Softwood Lumber Prices Soften, January US Housing Starts Pop: March 2019

Softwood Lumber Prices Soften, January US Housing Starts Pop: March 2019

Important data releases delayed by the US government furlough are starting to catch up to normal schedule. Because everything is related between agencies, there have been delays in Statistics Canada releases, since StatsCan works closely with US Census on North America data. This week Monday came out Canadian sawmill manufacturing sales and Canadian softwood lumber production for full-year 2018, as well as US housing starts for January.
When this data is put against North America lumber prices there is apparent a very good metric and indicator for near-term future US home building activity.
Please see full-year 2018 Canadian sawmill sales and lumber production here: https://madisonsreport.com/2019/03/11/canada-sawmill-sales-softwood-lumber-production-full-year-2018/

North America Softwood Lumber Wholesaler Price: March 2019

After remaining flat at US$422 mfbm for several weeks, wholesaler prices for benchmark lumber (net FOB sawmill) commodity Western Spruce-Pine-Fir KD 2×4 #2&Btr dropped by -$20, or -5%, to end last week at US$402 mfbm. The prices of most other standard commodities were unchanged from the previous week, however studs took a beating, with big dips of -1% to -6% across all species of studs.
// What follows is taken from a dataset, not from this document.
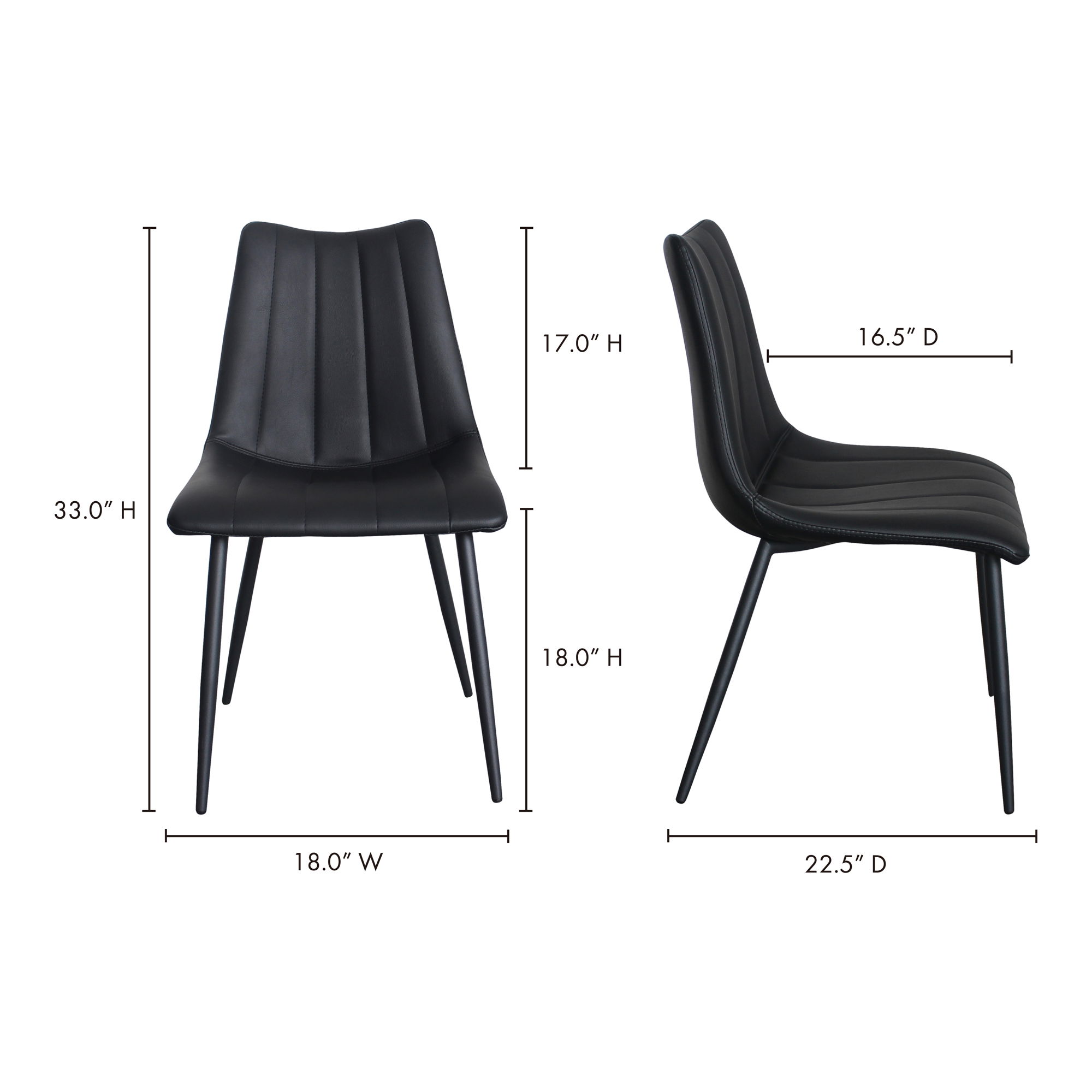 Alibi Dining Chair Matte Black - Set Of Two, by Moe's Home, 18" width x 33" height x 20" depth View 11
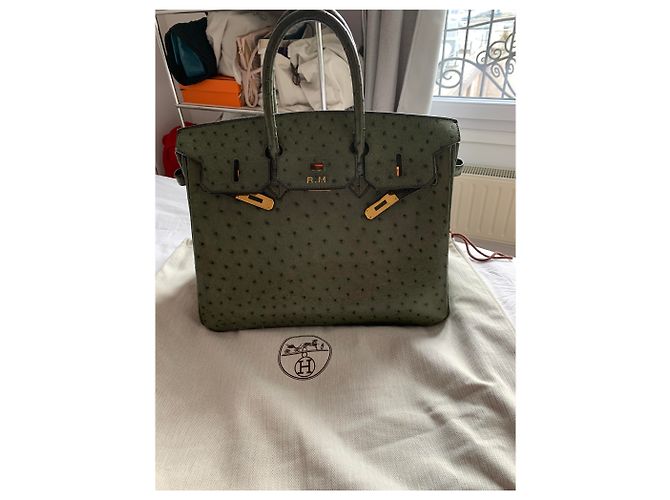 Hermès Birkin Strauß Olivgrün - Ansicht 6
One-year-ago, that price was $138, or 34%, higher than it is now; at US$540 mfbm in the beginning of March 2018.
This could provide insight into future US 2-to-4 unit new construction, as more studs are used here than for single-family building.
A troubling development last week, as Madison’s reported, “The US Lumber Coalition made moves last week to revise current 20 per cent duties on softwood lumber imports from Canada. While the revision would normally be a routine request under the umbrella of annual administrative reviews, the more than 1,000 Canadian producers and exporters being targeted for revision of countervailing duty rates is out of the ordinary. Following the typical 12 to 18 month period for administrative reviews, Canadian companies can expect possible revisions of rates on future imports, as well as potential retroactive adjustments to duties deposited during the periods under review by the US Department of Commerce.”
More news on this surfaced madly Tuesday as an Ontario hardwood sawmill contacted Madison’s with their “administrative notice”. Details on this will be provided as soon as it occurs

Sales activity for WSPF mills in the United States improved noticeably last week as producers reduced most of their #2&Btr R/L asking prices. — Madison’s Lumber Reporter

US Housing Starts: January 2019

The latest US housing starts data, for January 2019, has proved quite positive. US residential housing starts in January rose +18.6% to a 1.23 million annualized rate, according to US Commerce Department figures Monday that were delayed two weeks by the federal shutdown. Permits, a proxy for future construction, rose 1.4 percent to a 1.35 million rate, compared with forecasts for a decline.
In even better news for the Canadian and US forest products industry, most of this new construction came from single-family houses, which were being built at the strongest rate since May 2018.
Overall US housing starts in January were slightly below the 2018 total of 1.24 million as the pace of apartment construction slowed.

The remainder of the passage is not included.